BEGIN
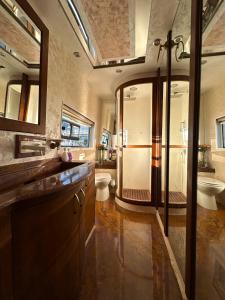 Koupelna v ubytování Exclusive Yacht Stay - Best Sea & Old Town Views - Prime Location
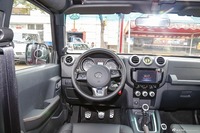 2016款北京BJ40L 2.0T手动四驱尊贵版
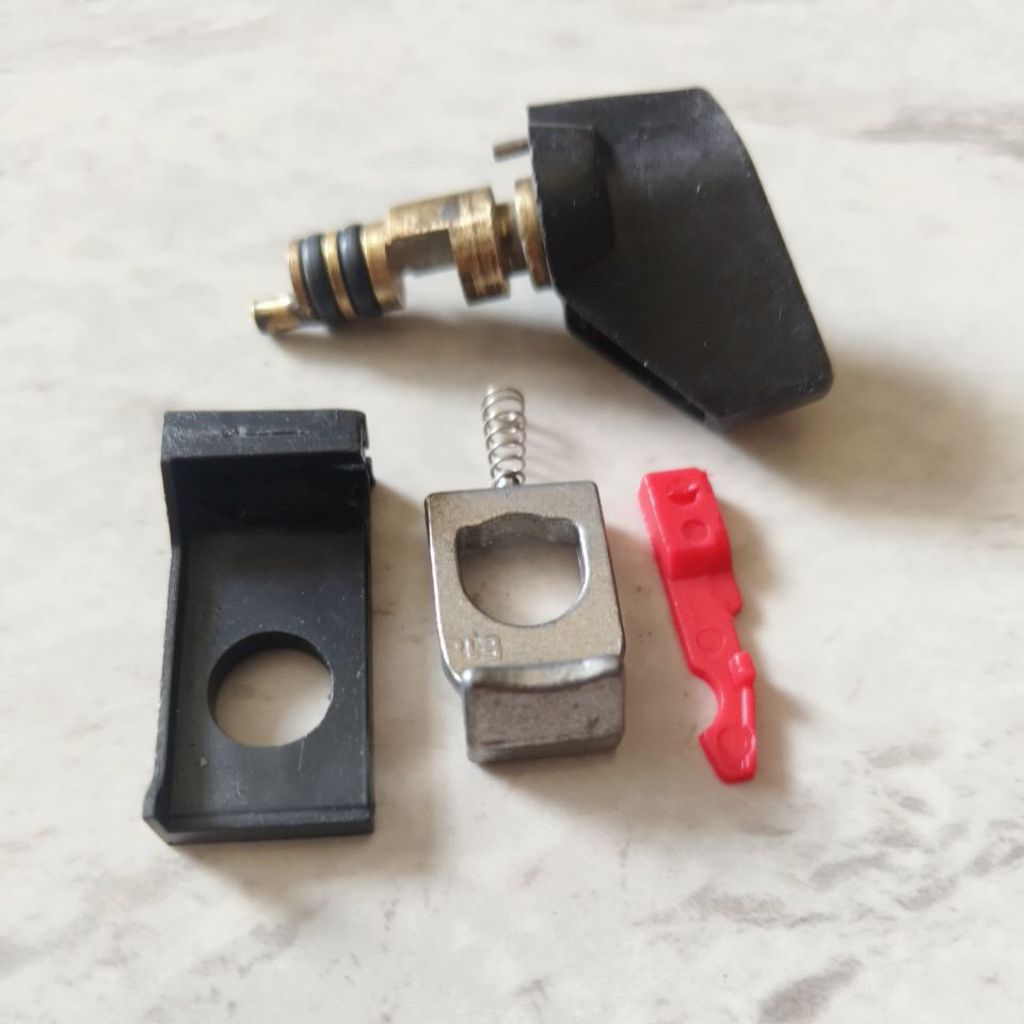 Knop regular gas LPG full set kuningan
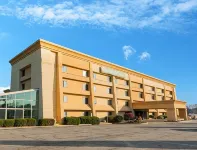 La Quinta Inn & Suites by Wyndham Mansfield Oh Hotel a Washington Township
END
_Required action:_ Where a picture appears in the listing above, skip it and set down all the rest exactly.

_Answer box:_
 Koupelna v ubytování Exclusive Yacht Stay - Best Sea & Old Town Views - Prime Location
 2016款北京BJ40L 2.0T手动四驱尊贵版
 Knop regular gas LPG full set kuningan
 La Quinta Inn & Suites by Wyndham Mansfield Oh Hotel a Washington Township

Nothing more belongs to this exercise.